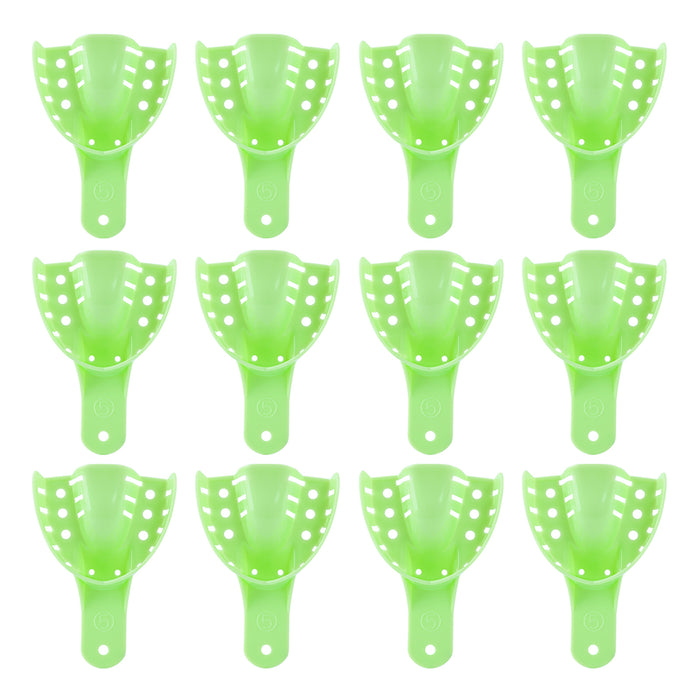 JMU Disposable Dental Impression Trays Green Perforated 12Pcs/Bag - JMU DENTAL INC
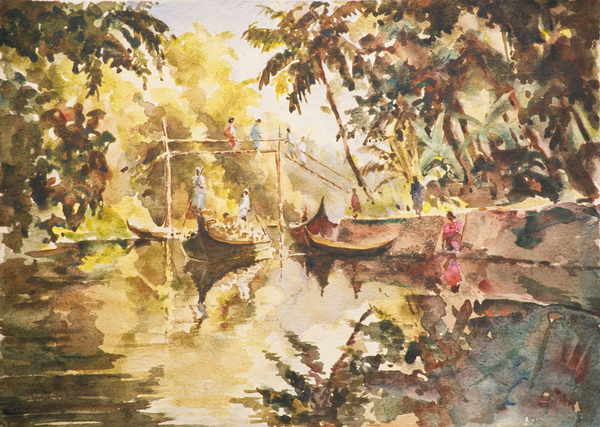 611 Village life on the back waters von Clive Wilson
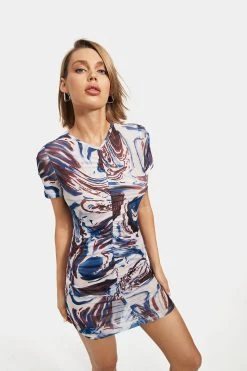 Alternative view of Solado Abstract Print Ruched Short Sleeve Mini Dress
____________________
**Assignment**
Return the complete data unchanged and include none of the pictures.

**Reply to the exercise**
 JMU Disposable Dental Impression Trays Green Perforated 12Pcs/Bag - JMU DENTAL INC
 611 Village life on the back waters von Clive Wilson
 Alternative view of Solado Abstract Print Ruched Short Sleeve Mini Dress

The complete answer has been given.